La huelga colapsa el Estado francés

París. Los sindicatos franceses consiguieron una movilización masiva de los trabajadores en contra de la reforma de los regímenes especiales de jubilación planteado por el Gobierno de François Fillon y lograron alterar seriamente la red de transporte público, que hoy se verá todavía afectado tras la decisión de varias federaciones de prorrogar la jornada de huelga.

En París y otras 27 grandes ciudades del Estado, como Toulouse, Burdeos y Marsella, miles de manifestantes recorrieron las calles en una protesta que fue más allá de la reivindicación inicial y supone una seria advertencia al presidente Nicolas Sarkozy, principal artífice del abanico de reformas.

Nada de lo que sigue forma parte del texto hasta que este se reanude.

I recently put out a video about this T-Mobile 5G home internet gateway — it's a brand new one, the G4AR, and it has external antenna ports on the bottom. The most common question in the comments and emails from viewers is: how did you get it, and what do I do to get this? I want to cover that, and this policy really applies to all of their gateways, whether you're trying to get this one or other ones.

Según las cifras manejadas por los sindicatos, unas 300.000 personas se manifestaron en el Estado, y sólo en París se movilizaron 25.000.

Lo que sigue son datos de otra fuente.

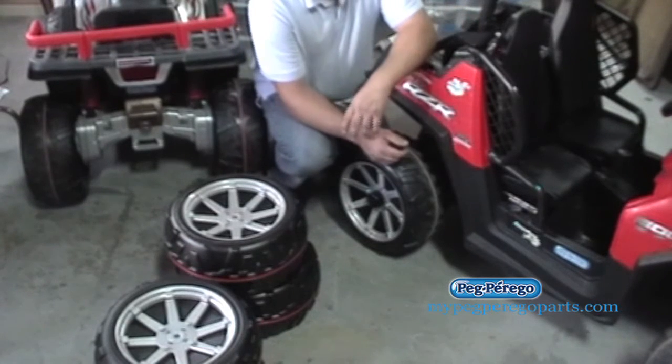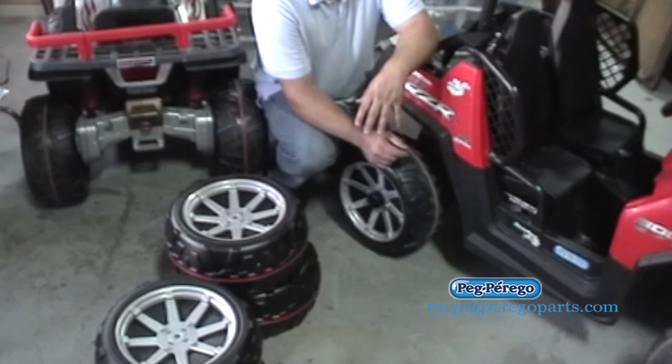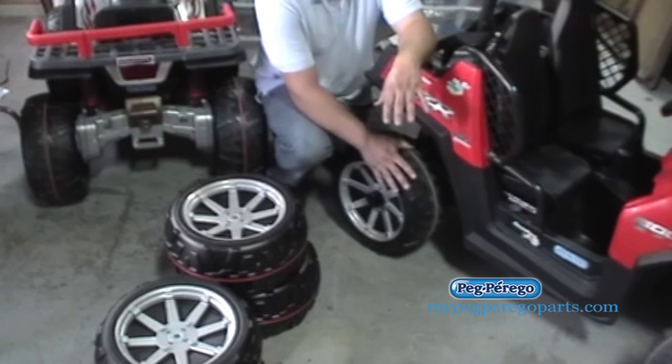For our 24-volt RZR Ride On Toy by Peg Perigo, one problem that may occur is if only one wheel is spinning. If it works properly and it's going in high, both rear wheels should be spinning.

La sociedad nacional de transportes por ferrocarril (SNCF) y la Red de Cercanías y Metro de París (RATP) registraron niveles record de participación con un 73,5 % de huelguistas, más que el 67 % alcanzado durante el conflicto que vivió el Estado francés en 1995 y que los sindicatos se habían marcado como referente.

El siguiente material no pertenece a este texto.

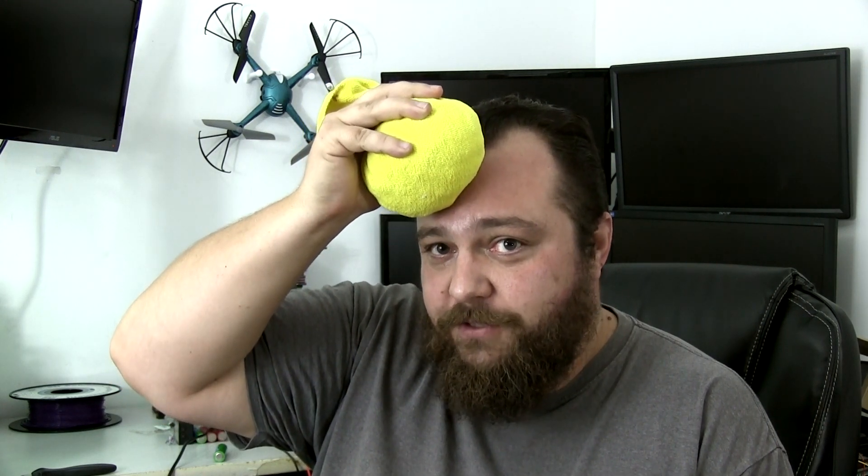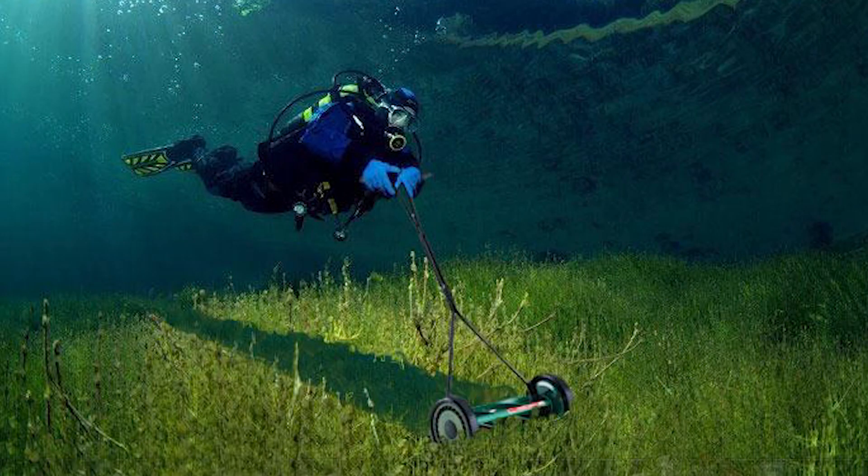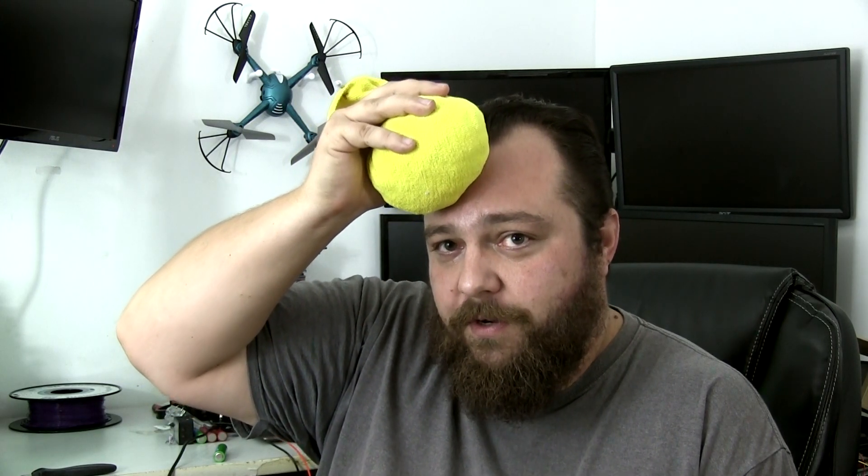For any of y'all that don't know, mowing in Florida sucks. It's hot and it's humid. Mowing in Florida is like this. So I've decided I don't want to do it anymore. So I'm going to make a robot to do it.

Otra cifra significativa es que en la eléctrica EDF la huelga tuvo un seguimiento del 51,9 %. En la función pública el porcentaje se redujo al 8 %, y al 20% en el Ministerio de Economía.

En 1995, el intento del Gobierno de Alain Juppé de modificar este sistema de pensiones hundió al Estado en tres semanas de parálisis histórica de los transportes públicos sin que la fuerza sindical se debilitara un ápice ni la opinión pública les diera la espalda.

El secretario general de la federación ferroviaria de la CGT, Didier Le Reste, dijo ayer que los trabajadores esperan un «mensaje» del Gobierno, que se tendrá en cuenta a la hora de decidir si se continúa o no la huelga.

La misma federación de Fuerza Obrera (FO) advirtió al Gobierno de los riesgos de un conflicto en la SNCF y CGT pidió al ministro de Trabajo que «pare la reforma en 15 días» porque no se puede «decretar» de manera «unilateral» una disminución de las pensiones de entre un 20 y un 25%.

París aseguró que «escuchará» los temores y las preocupaciones de los sindicatos, pero que mantendrá su determinación y «no cederá», según el portavoz del Ejecutivo, Laurent Wauquiez.

Mientras los manifestantes recorrían las calles en contra de la política social de Sarkozy, el Elíseo anunciaba el divorcio de Nicolas y Cecilia Sarkozy, una coincidencia que no ha pasado desapercibida para los sindicatos y los partidos de izquierda, que lo interpretaron como una forma de mitigar los efectos de la protesta.